### Work task:
Retype only what runs from the line with "XXL-Ottomane & Kissen." through the end of the entries, exactly and in full, but omit any picture you find.

= Beginning of Section =

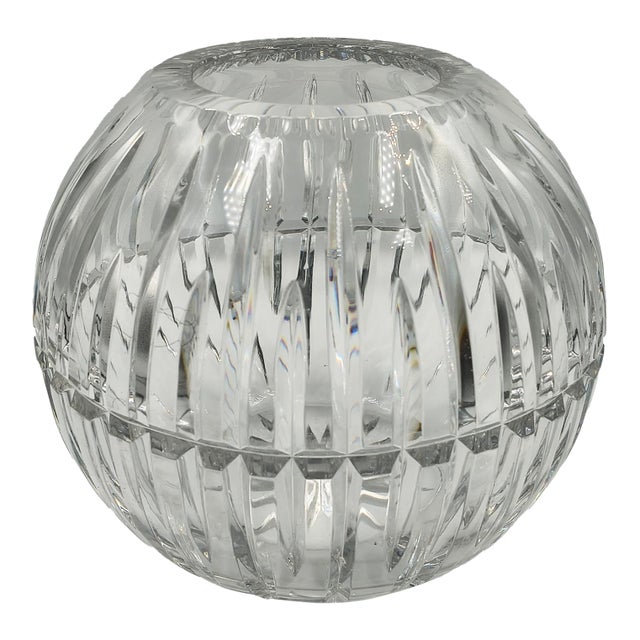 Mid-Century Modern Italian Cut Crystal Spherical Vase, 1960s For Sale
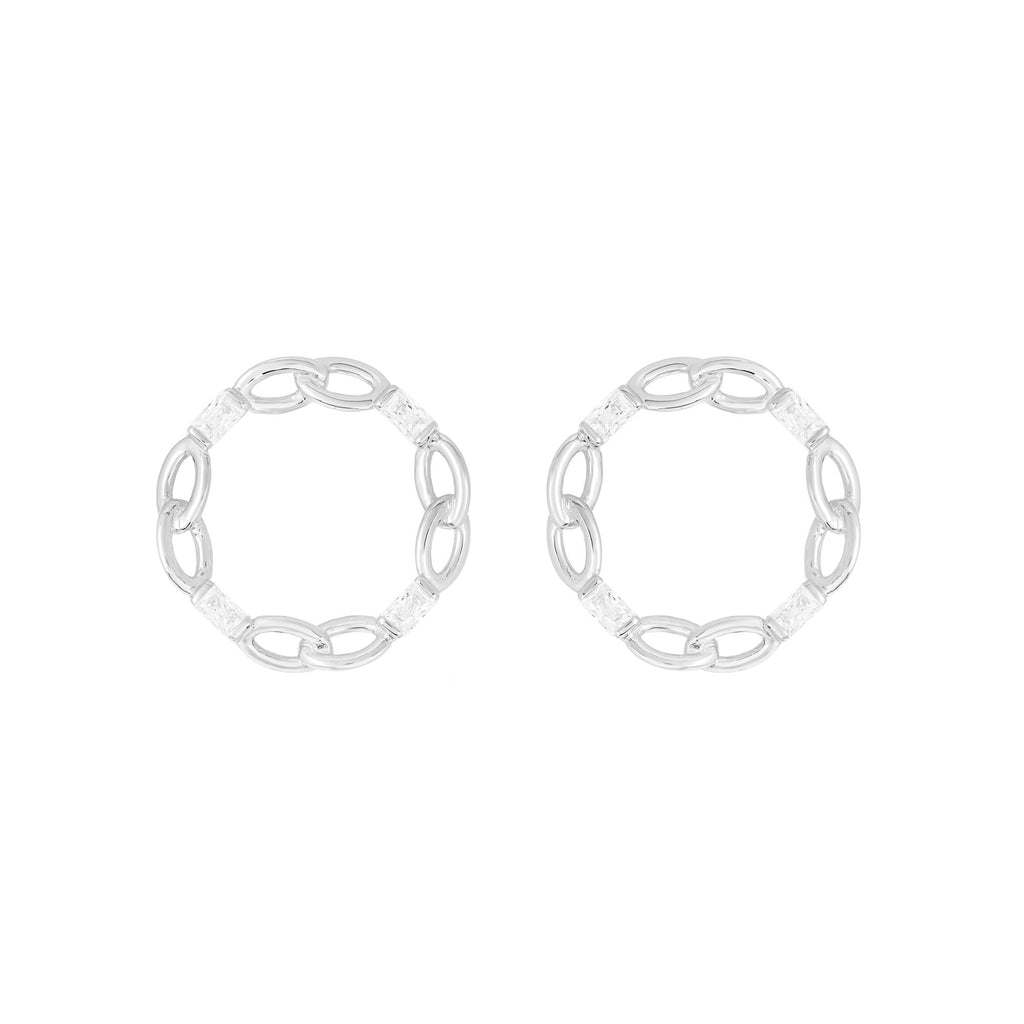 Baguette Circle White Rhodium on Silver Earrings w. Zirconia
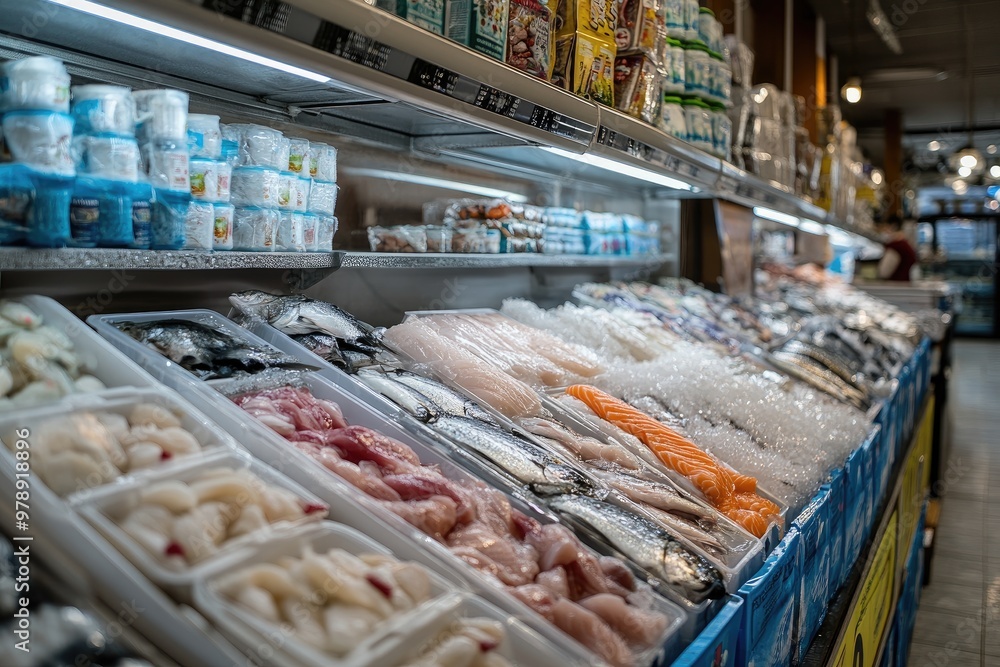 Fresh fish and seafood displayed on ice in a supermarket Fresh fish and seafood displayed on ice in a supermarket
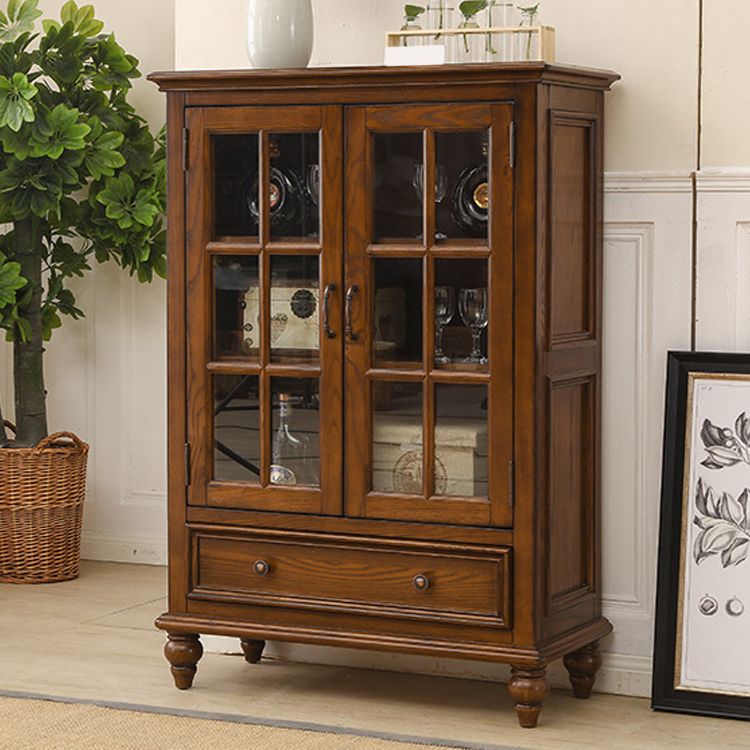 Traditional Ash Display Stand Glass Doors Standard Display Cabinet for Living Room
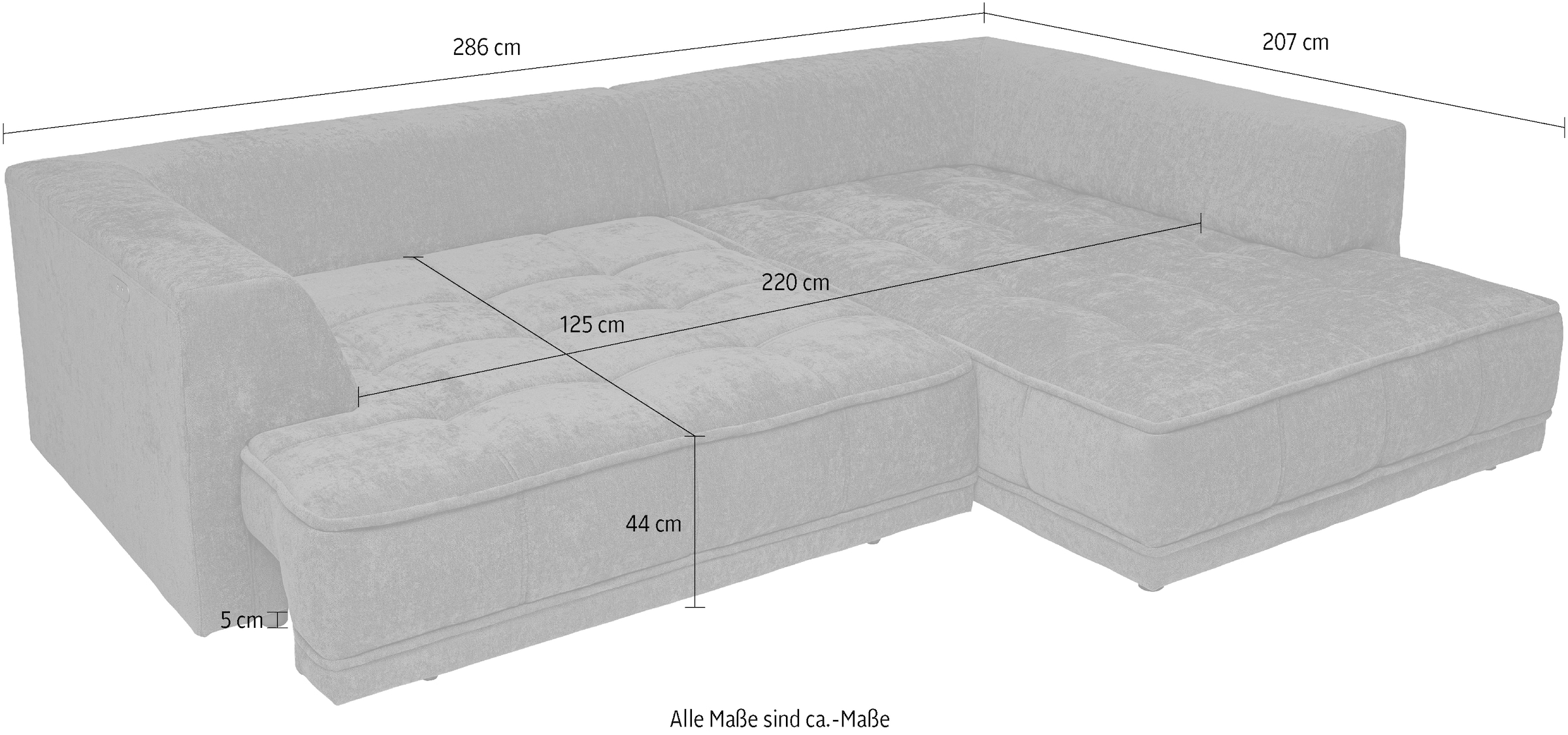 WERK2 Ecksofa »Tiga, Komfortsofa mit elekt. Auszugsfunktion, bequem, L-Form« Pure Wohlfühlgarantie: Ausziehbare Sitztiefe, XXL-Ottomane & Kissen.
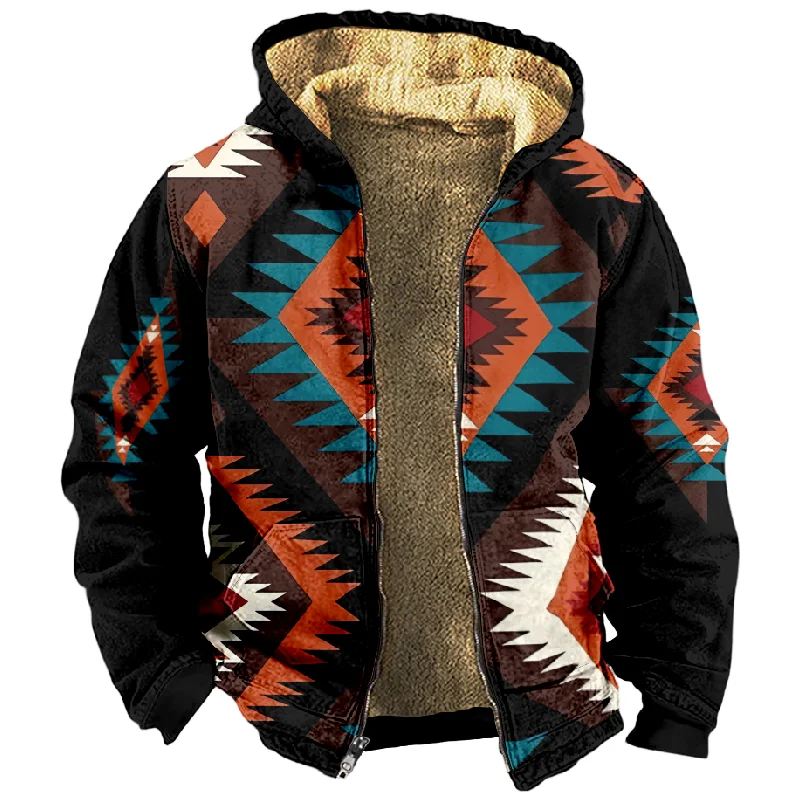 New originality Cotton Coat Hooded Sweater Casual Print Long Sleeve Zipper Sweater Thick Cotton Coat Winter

= End of Section =

### Result for this exercise:
 WERK2 Ecksofa »Tiga, Komfortsofa mit elekt. Auszugsfunktion, bequem, L-Form« Pure Wohlfühlgarantie: Ausziehbare Sitztiefe, XXL-Ottomane & Kissen.
 New originality Cotton Coat Hooded Sweater Casual Print Long Sleeve Zipper Sweater Thick Cotton Coat Winter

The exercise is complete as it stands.